Web page caption snippets

○ ○ ○ ○

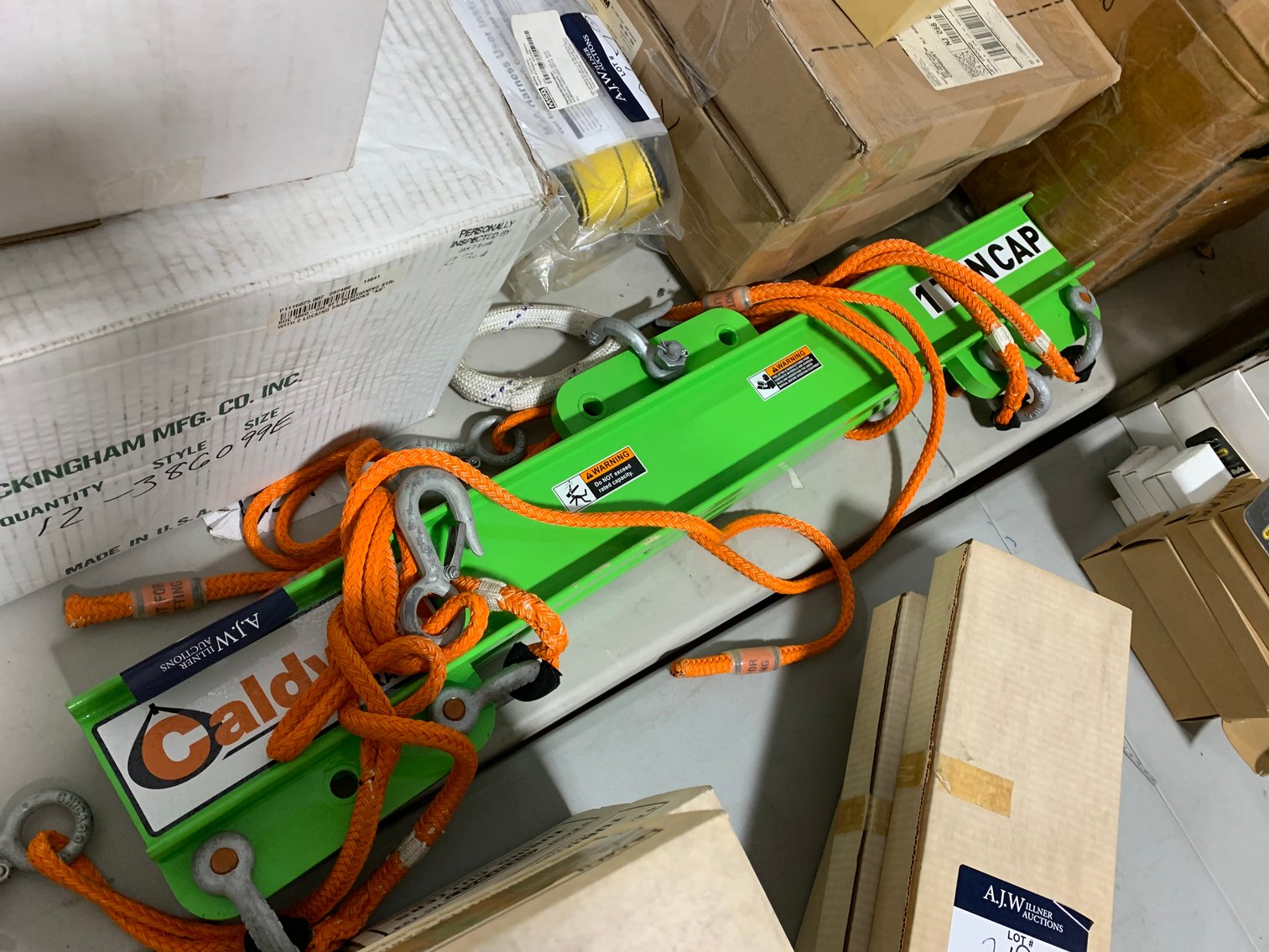 Image for Industrial Supply & Tool Distributor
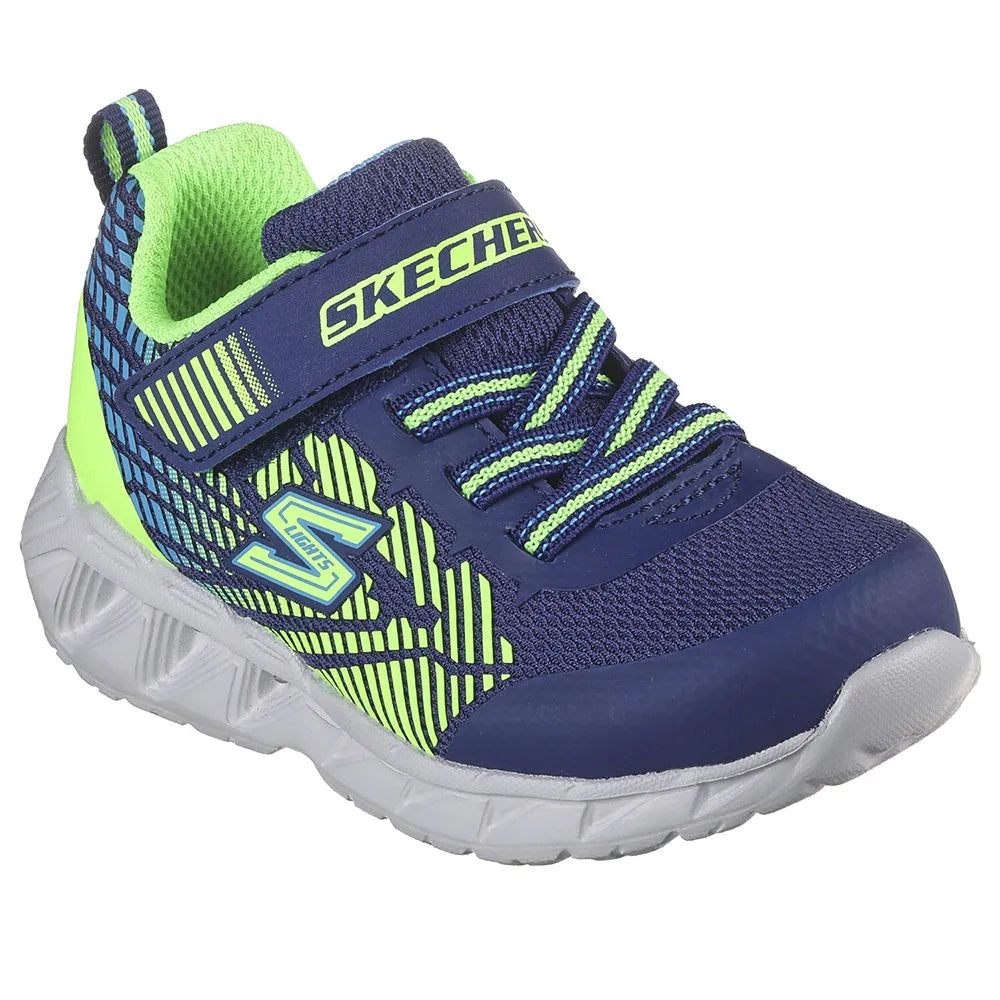 Skechers Magna Lights trainers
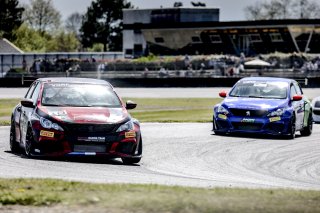 Course 1
 | SRO / Patrick Hecq Photography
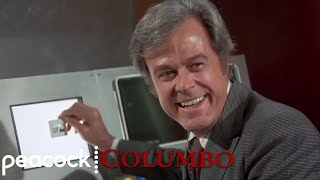 Best of Robert Culp  Columbo [upl. by Ishii]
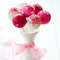 Red Velvet Cake Pops Recipe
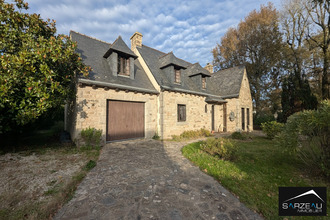  maison sarzeau 56370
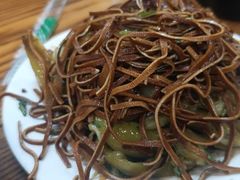 凉菜-老王四季抻面(南六东路店)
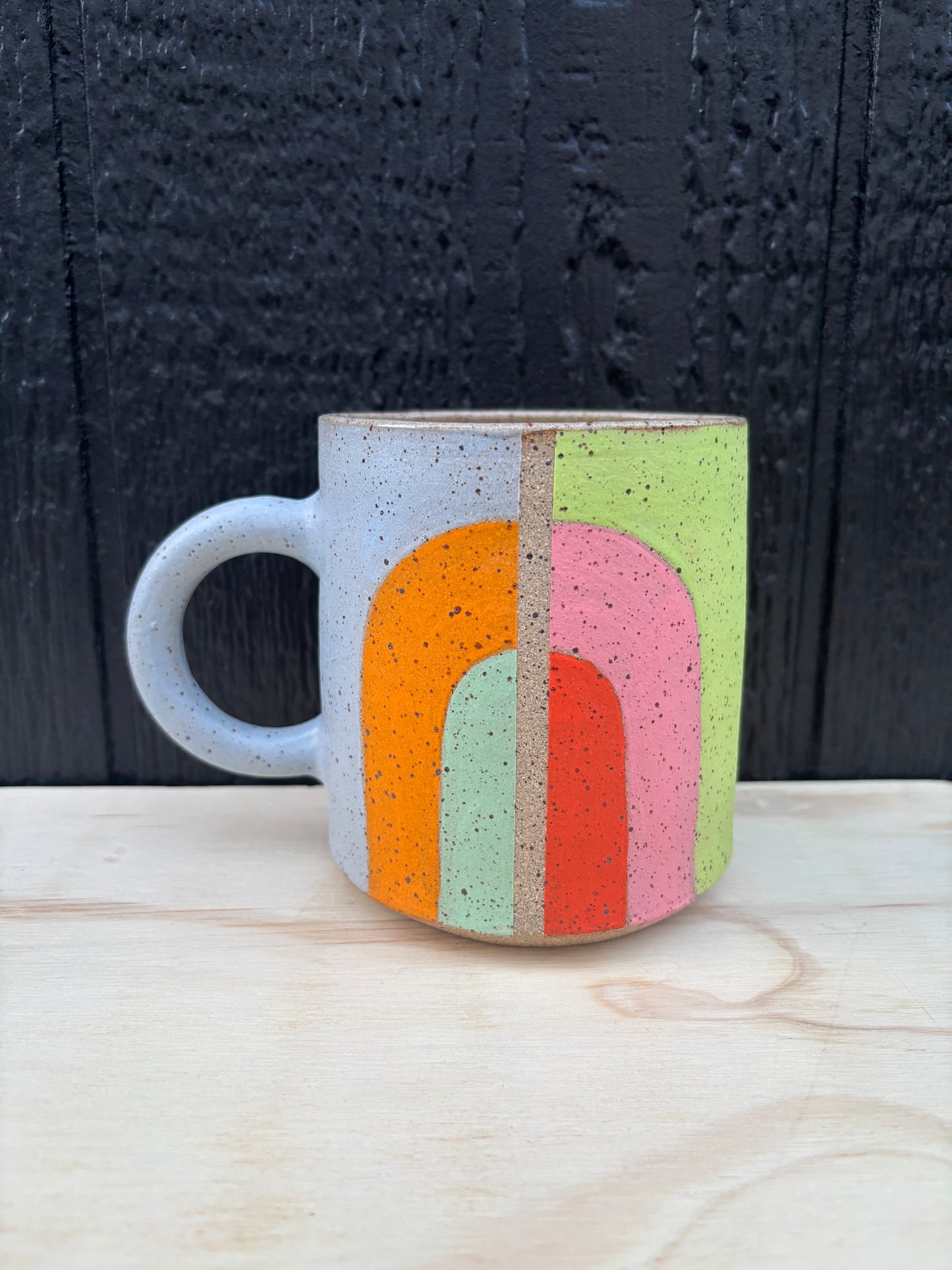 Portal Mugs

○ ○ ○ ○

> [Problem details]
Counting the line with "Best of Robert" and the last line of the data above, transcribe those two lines and every line between them exactly, without the pictures.

> [Response below]
 Best of Robert Culp  Columbo [upl. by Ishii]
 Red Velvet Cake Pops Recipe
  maison sarzeau 56370
 凉菜-老王四季抻面(南六东路店)
 Portal Mugs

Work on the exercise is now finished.